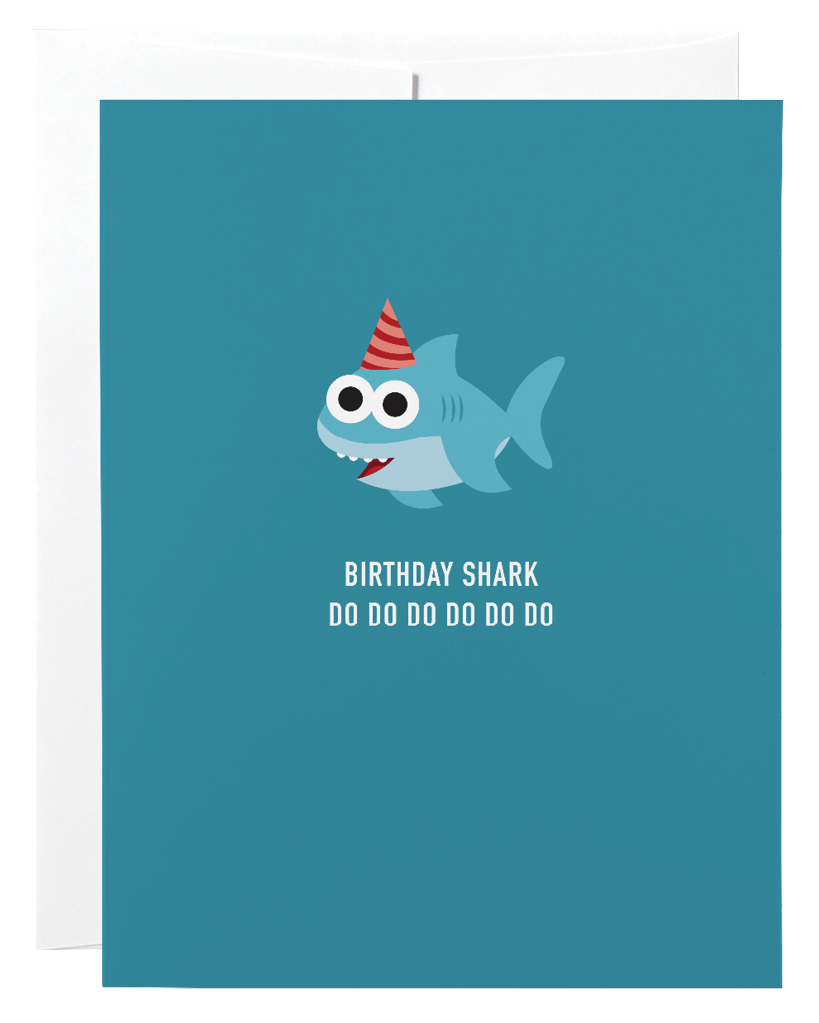 Classy Cards Birthday Shark Card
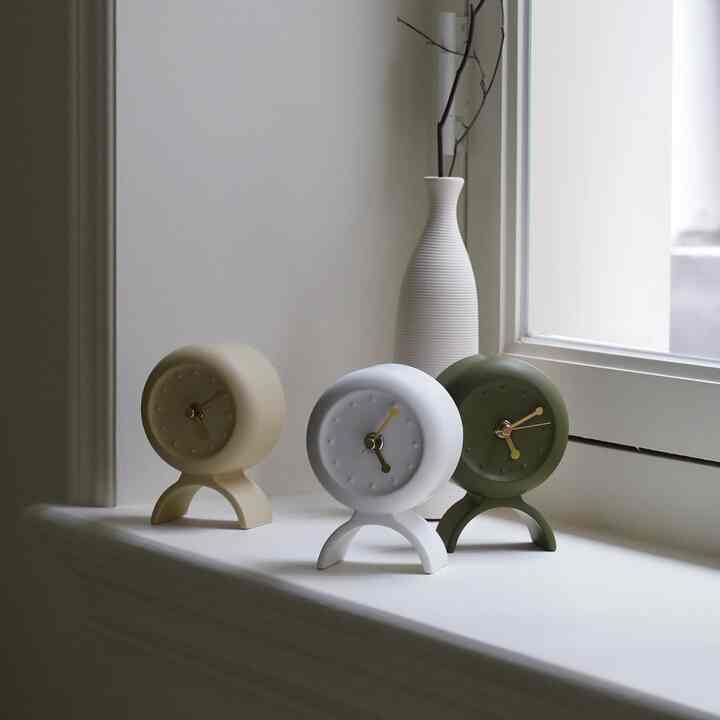 まんまるオブジェ置時計［3色］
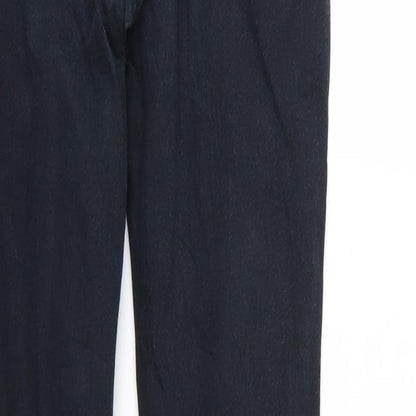 Womens UK Size  Preworn Regular Fit Skinny Black Jeans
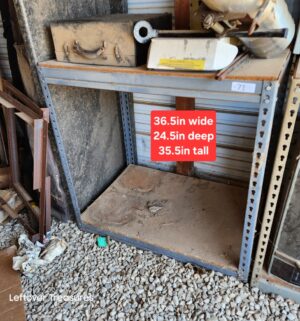 u71- 3ft tall shelving unit. No contents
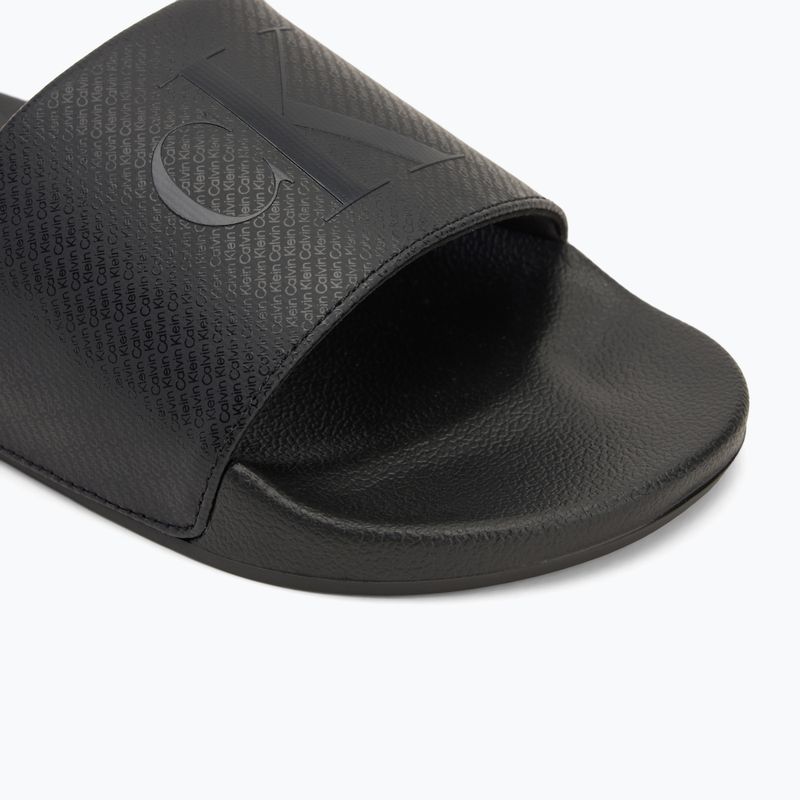 Мъжки джапанки Calvin Klein YM0YM01269 Slide Aop Print triple black 7
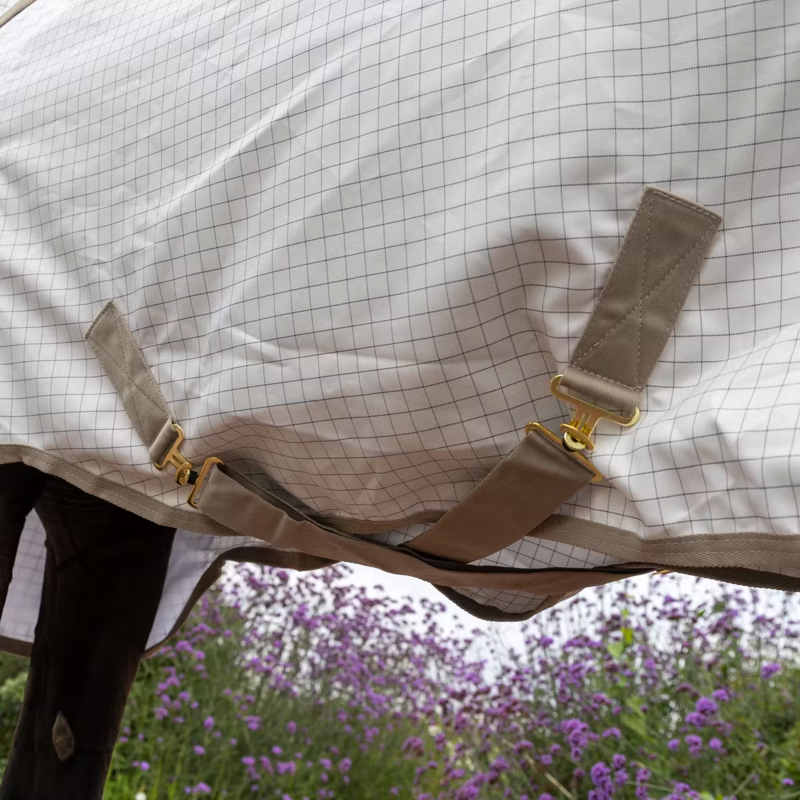 Kentucky Sweet Itch Fly and Summer Sheet Comfort - White/Beige-4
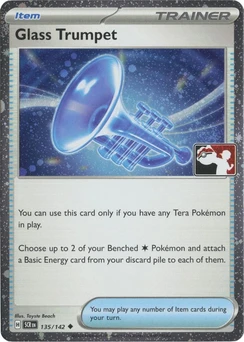 Glass Trumpet (Play Pokemon Stamp, Cosmos Holo)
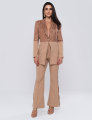 Conjunto Alfaiataria Paetê Melissa Bege
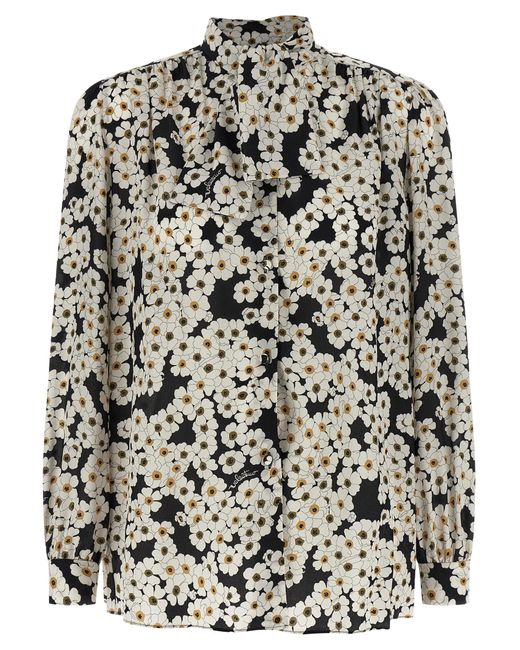 Valentino Garavani Black Après Lhivier Shirt Silk Shirt, Blouse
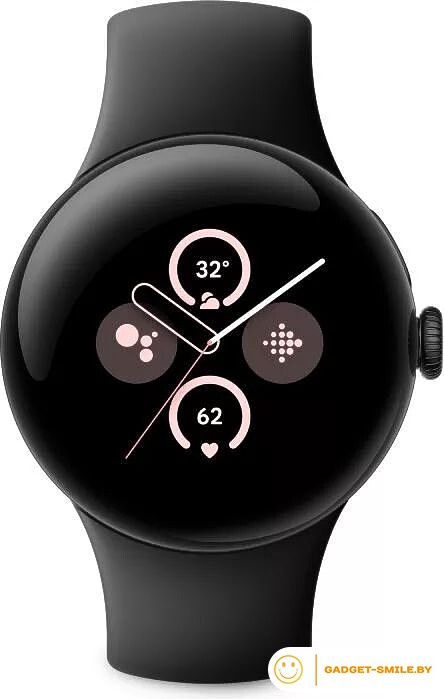 Google Pixel Watch 2 (матовый черный/обсидиан)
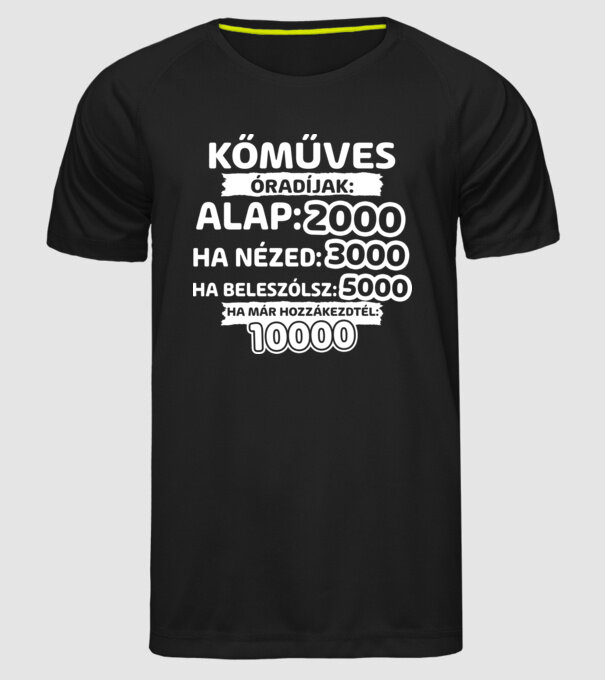  minta fekete pólón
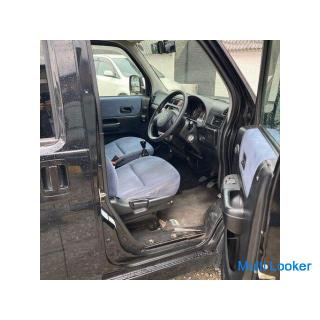 ★ Navi TV ★ 2008 Honda Vamos M 4WD (HM2) 129.000 km - Black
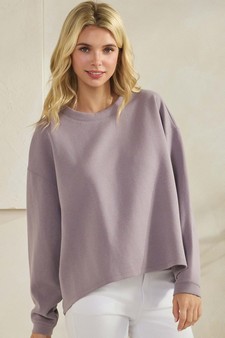 ETA 01/09/26 - Women's Cotton Modal Loose Fit Pullover Crewneck Top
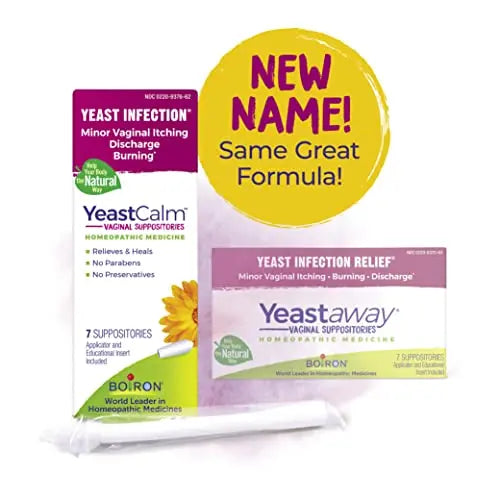 Boiron YeastCalm Homeopathic Suppositories for Yeast Infections, Burning, Discharge Boiron Au supplements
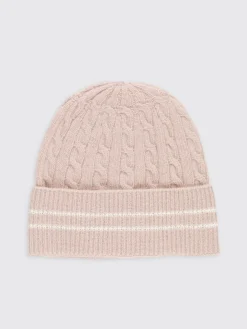 Cappello Moncler in lana vergine con lavorazione intrecciata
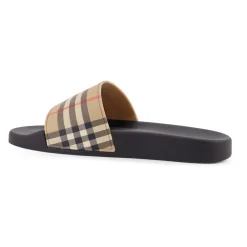 Heren Burberry Slippers^Furley Check Slide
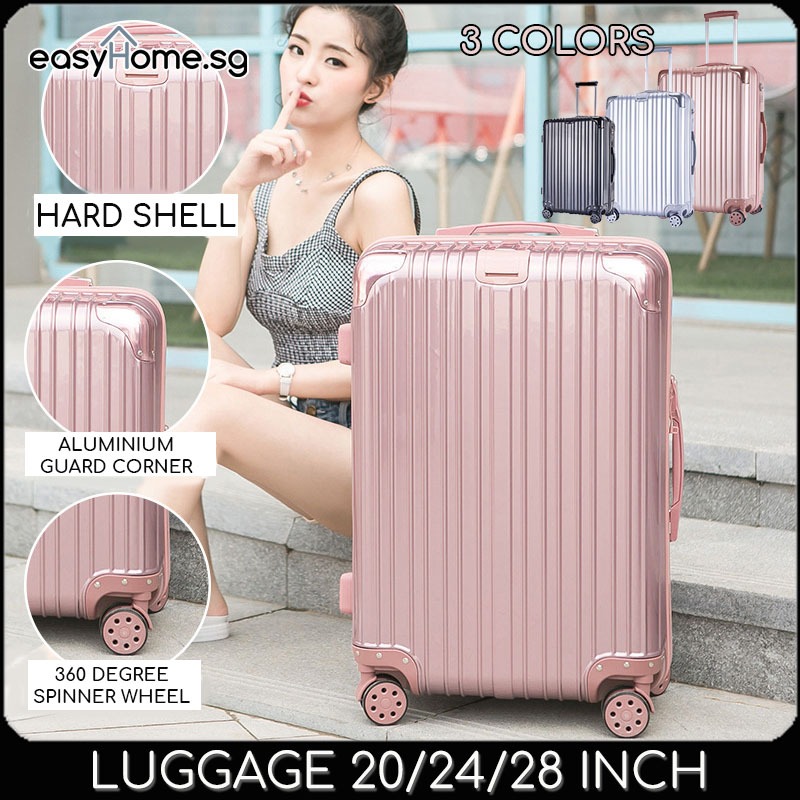 Easyhome.sg Classic Luggage / Hard shell Travel Bag Spinner ABS PC Case Trolley  20 inch 24 inch 28 inch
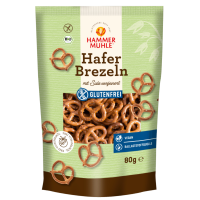 Hammer Mühle Bio Haferbrezeln mit Salz Hammer Mühle Bio Haferbrezeln mit Salz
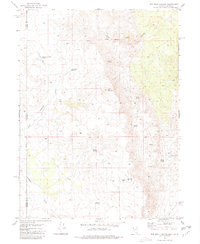 Red Rock Canyon 1980 topographic map thumbnail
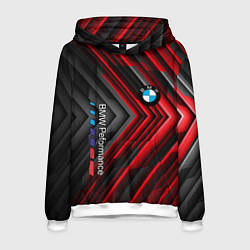 Мужская толстовка BMW geometry stripes red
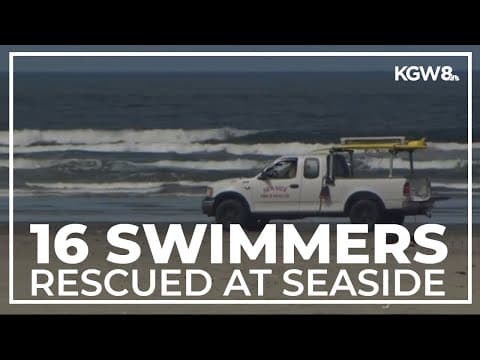 Seaside fire crews rescue 16 swimmers over the weekend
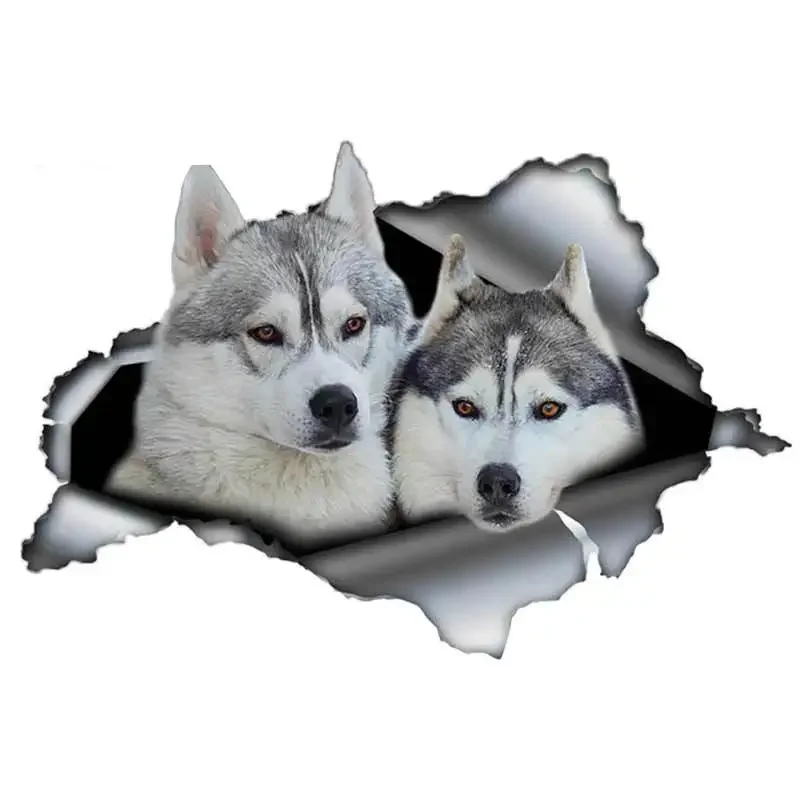 

Creative Husky Torn Metal Modeling Decorative AccessoriesLaptop Refrigerator PVC Auto Window Bumper Sunscreen Waterproof Decals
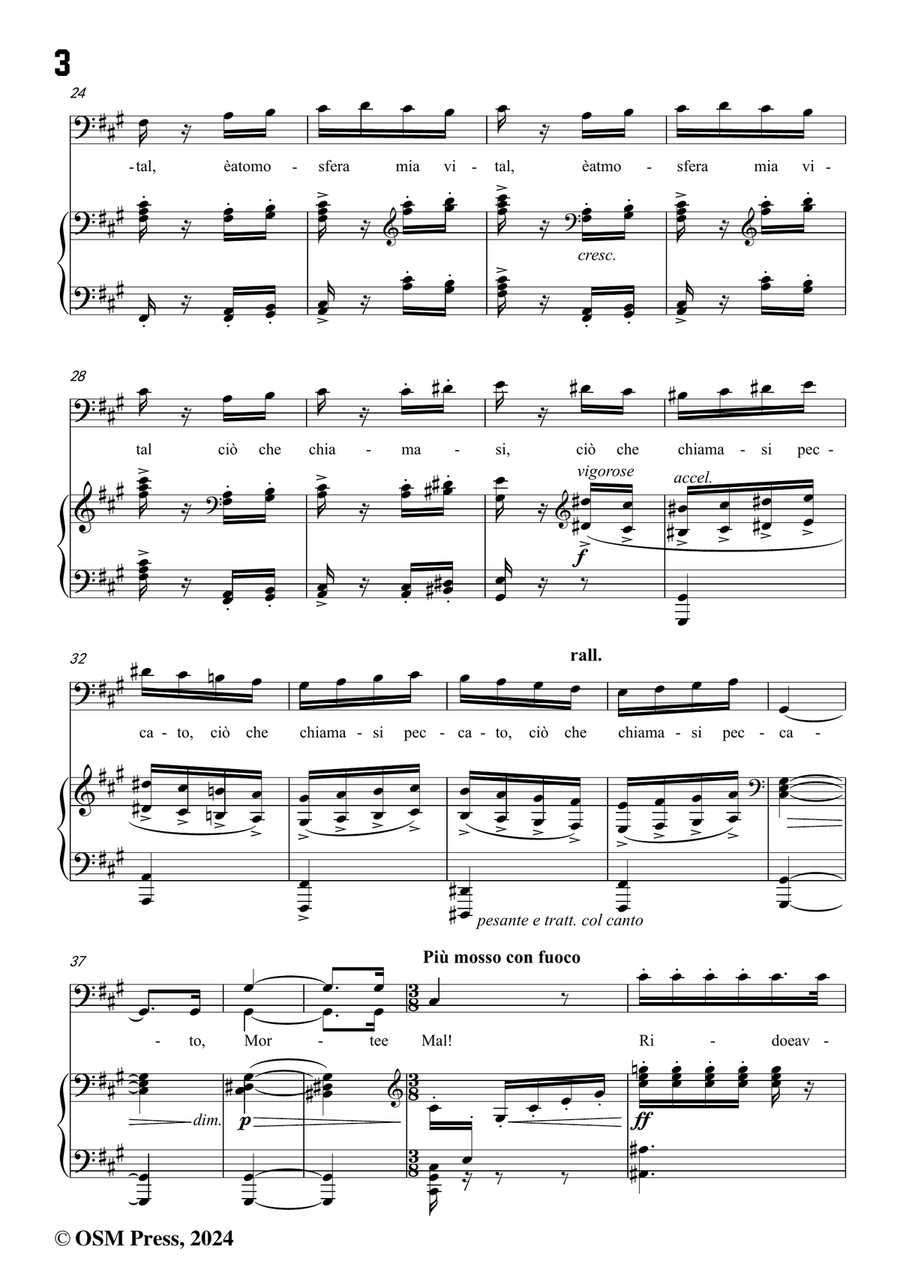 Boito-Son lo spirito che nega,in f sharp minor Piano, Vocal scores gallery preview page 4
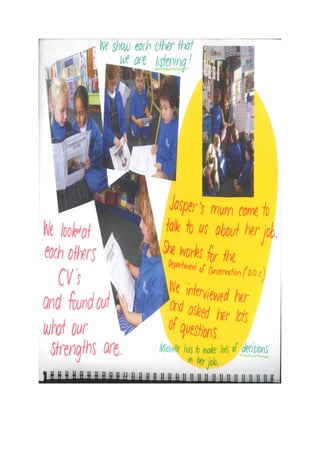 Megan's inquiry book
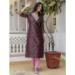 Picture of Nice Silk Dark Magenta Kurtis & Tunic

_ _ _ _

PROBLEM TO WORK ON:
Your copy must hold exactly the lines from the one with "minta fekete pólón" to the end of the records above, both included, and no pictures.

SOLUTION TO THE PROBLEM:
  minta fekete pólón
 ★ Navi TV ★ 2008 Honda Vamos M 4WD (HM2) 129.000 km - Black
 ETA 01/09/26 - Women's Cotton Modal Loose Fit Pullover Crewneck Top
 Boiron YeastCalm Homeopathic Suppositories for Yeast Infections, Burning, Discharge Boiron Au supplements
 Cappello Moncler in lana vergine con lavorazione intrecciata
 Heren Burberry Slippers^Furley Check Slide
 Easyhome.sg Classic Luggage / Hard shell Travel Bag Spinner ABS PC Case Trolley  20 inch 24 inch 28 inch
 Hammer Mühle Bio Haferbrezeln mit Salz Hammer Mühle Bio Haferbrezeln mit Salz
 Red Rock Canyon 1980 topographic map thumbnail
 Мужская толстовка BMW geometry stripes red
 Seaside fire crews rescue 16 swimmers over the weekend

Creative Husky Torn Metal Modeling Decorative AccessoriesLaptop Refrigerator PVC Auto Window Bumper Sunscreen Waterproof Decals
 Boito-Son lo spirito che nega,in f sharp minor Piano, Vocal scores gallery preview page 4
 Megan's inquiry book
 Picture of Nice Silk Dark Magenta Kurtis & Tunic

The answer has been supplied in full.